And that piece of music I think the original one was like seven minutes long so my meditation was seven minutes long. If the piece of music had been five minutes long, my meditation would have been five minutes long. I don’t think the length of time that matters. What matters is that you being in it. And most of the time, your mind wanders anyway but eventually that piece of music, you might start to realize, hey, it’s coming to an end. Time to get back to work and it’ll just shift back to that. I say it’s very funny.
Hal Elrod: Yeah. I mean, I’m a huge believer in the power of anchors and I love the Pavlovian response that you talked about because that’s so true, right? As soon as the music plays your body’s like, “Oh, time to relax. Time to love ourselves. Time to get in this meditative state.” That’s beautiful.
Kamal Ravikant: All of these are hacks, man. All of these are hacks I’ve done for myself out of personal laziness of trying to save myself.
Hal Elrod: It’s so funny. You and I, we have way too much in common or just the right amount. So, the mirror practice is the one for most people that the resistance kind of awkward, kind of weird on, and the looking in the mirror telling yourself you love yourself why. We’ll talk about, you mentioned in the book that it’s anchoring it to your physical body or anchoring self-love to your physical body. Talk about that. Why is that important to do the mirror practice? Because I know that’s the one in the book you’re like, “Look, this is the one you might think to skip.” It’s arguably the most powerful one.

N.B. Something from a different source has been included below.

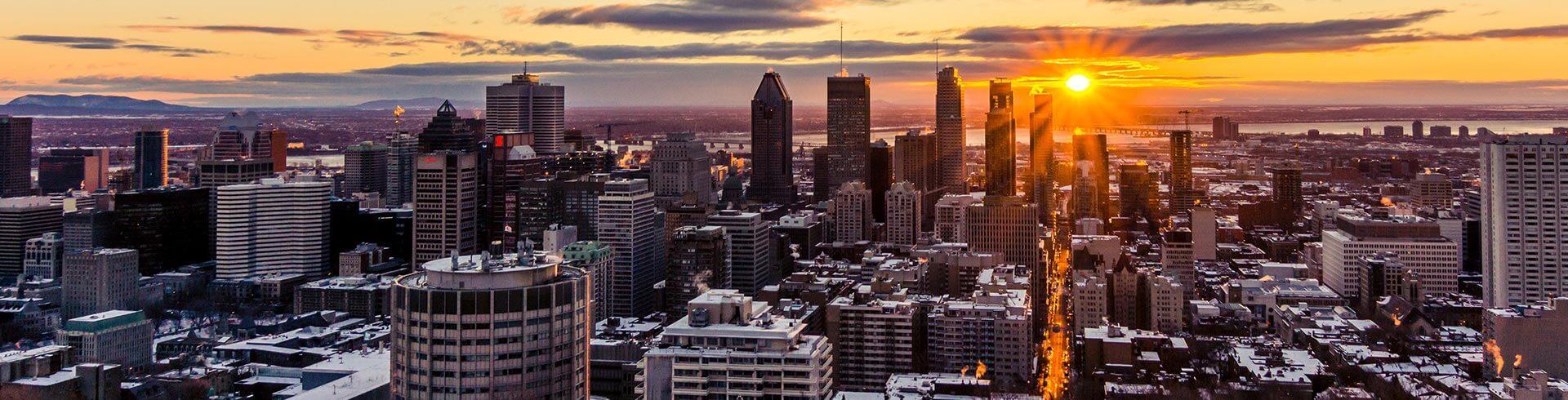 Lever de soleil sur la ville de Montréal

Kamal Ravikant: Usually, when I stopped doing it for a while, that’s the one I have the hardest time coming back to. It’s funny. It’s the one that we resist the most because we all have our own insecurities when we look at ourselves no matter who we are. Right? And so, what I realized when I was originally doing the practice was once I was doing the mental loop out loud, and I was just in the bathroom looking myself in the mirror and I got really close to start looking at my eyes. And I started looking at my eyes and all of a sudden, I was connected by myself in a very deep personal way in a way that was different. It wasn’t in my mind. It was actually my like almost connecting with my, you know, eyes are windows to the soul, like really deep personal physical way. And I did for five minutes and I walked away like zinging, something shifted. I was like, “Holy cow. This is a different layer.” You know, a lot of this everyday mental but it’s also important to connect with the physical. And the eye part was important because rather than looking at my nose or this or that or like, oh shit, you have a zit here, whatever. No, you look in the eyes. You look in the truth of who you are. And you know, for all of us, we see the truths of like our humanity in our eyes.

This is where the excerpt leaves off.